He spoke in specifics.

It compared favourably against Gould’s shifting truth.

And he put the Panthers in the middle of a full-blown public relations disaster.

Sacking Griffin now looks an emotional decision, not strategic.

When Gould returned to Penrith in 2011 he gave no time frame for when he would quit.

He said he would walk away when the job was done. By then, he said, he hoped to have the club in such a place his job as general manager of football was “redundant”.

Most of that has been achieved.

Gould has done magnificent things since he returned.

He drove the $22 million Panthers Rugby League Academy, among the best in the business.

He ensures the club invests heavily in its juniors where unlike, say, the other big nursery at Parramatta, the conversion rate from juniors to NRL is high.
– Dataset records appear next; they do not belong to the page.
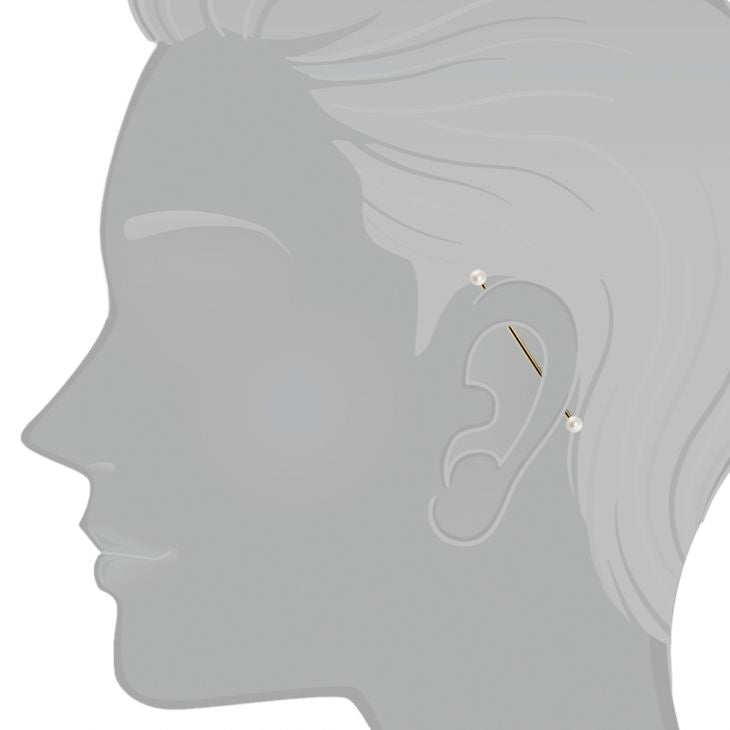 14K gold pearl industrial barbell shown in ear piercing on illustrated model for fit reference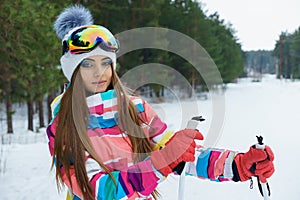 A skiing girl in bright sport clothes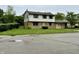 Charming two-story home with a brick and siding exterior, complemented by a well-manicured front lawn at 5130 Navajo Ct, Columbus, IN 47203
He was behind Panther House. There, young, relocated players are housed in a family environment by former Panther Shane Elford and wife Alanah.
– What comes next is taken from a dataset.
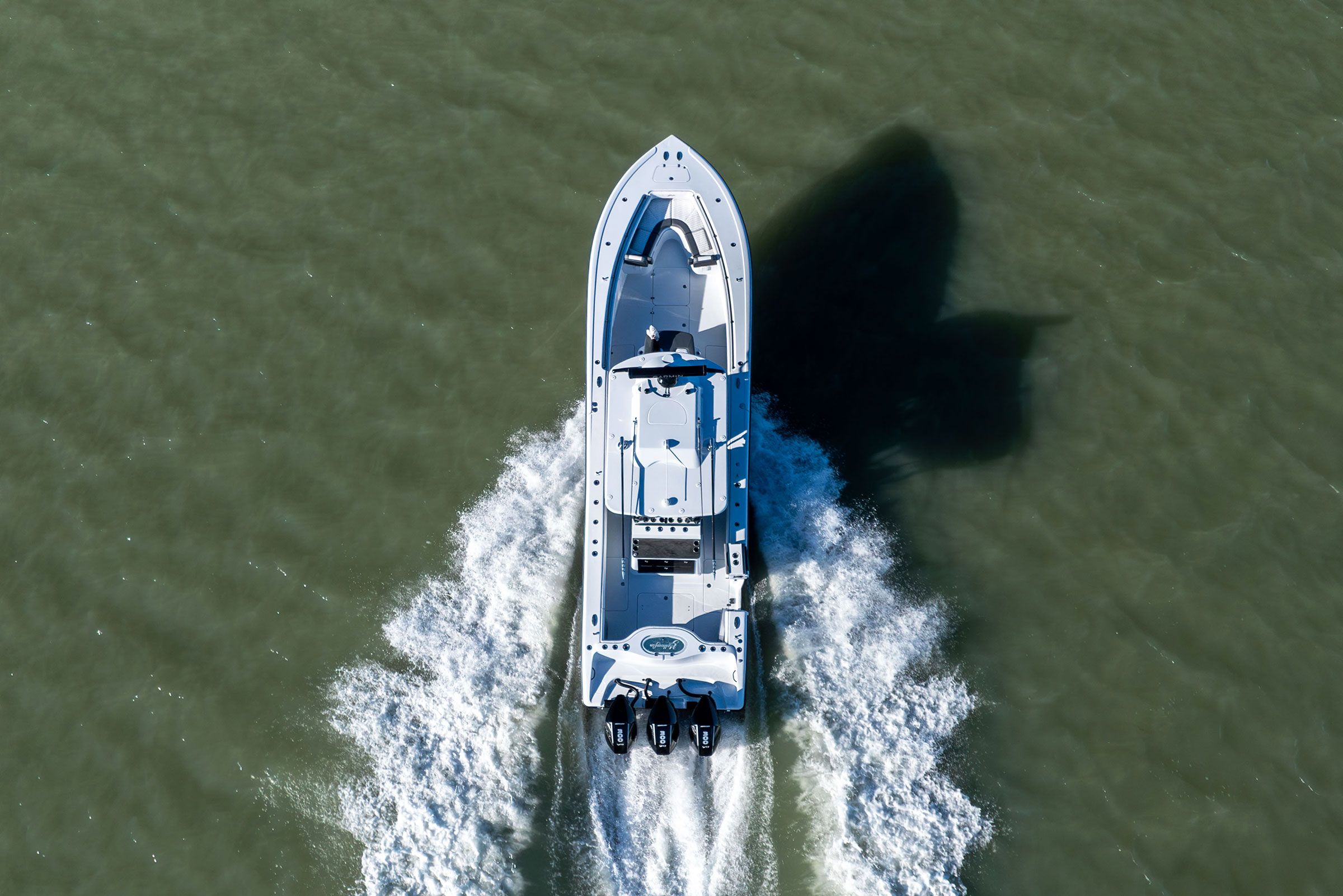 Top-down aerial view of the Yellowfin 36 Offshore leaving a wide wake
He continues to do good work around the club with various charities.

But under his watch the Panthers have had no great joy in the NRL.
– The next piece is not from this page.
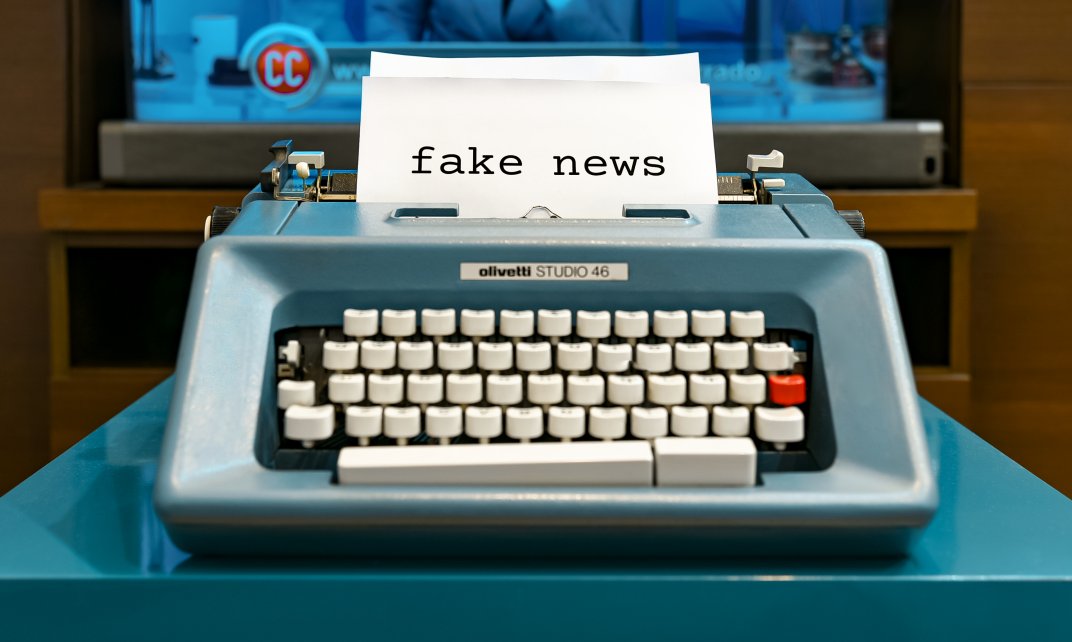 typemachine met een papier erin dat de tekst 'fake news' toont.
Will this finally be what sinks Griffin. AAP Image/Joel Carrett.
Will this finally be what sinks Griffin. AAP Image/Joel Carrett.

They have not reached a grand final in the eight seasons he has been there.

They have reached the finals just four times, including this season.

He has sacked three coaches, Matt Elliott, Ivan Cleary and now Griffin, after all three disagreed with his coaching philosophy.

He appointed Cleary and Griffin and both had success when left unencumbered. Both saw their results deteriorate when Gould began to interfere.

And in both cases, just when the Panthers appeared to be heading towards where they needed to be, it came spectacularly undone.

Cleary was “tired”. Griffin was “old-school” and had “lost the playing group”.

Griffin did not deny there might have been grumbles from some players but outright rejected the hard to deny — and equally hard to prove — claim he had lost the group as a whole.

Griffin knows it is impossible to keep all 36 players happy at a club.

“They don’t all want to kiss you in the cheek when you come into training,” he said

Maybe Gould’s job is redundant already and there is just nobody at Penrith who has noticed yet.

Maybe Gould should concede he has taken the club as far as he can and, so they can reach that next step, just walk away.

*****

BILLY Slater’s looming retirement immediately puts him in the Immortal debate.

Which promises to go on for some time.

Slater won’t be eligible for the next Hall of Fame Induction or the one after that.

A requirement is that players have to be retired five years.

Slater’s eligibility for the Hall of Fame does not come around until 2024.

By then, the next class of Immortals will have been inducted when the four-year cycle for them comes around again in 2022.

Slater won’t be eligible then because he won’t yet be in the Hall of Fame, which is necessary for the Immortals and surely is inevitable.

He surely has to be an automatic first round induction.

It means Slater won’t come up for Immortality until the class after that in 2026, some eight years into retirement.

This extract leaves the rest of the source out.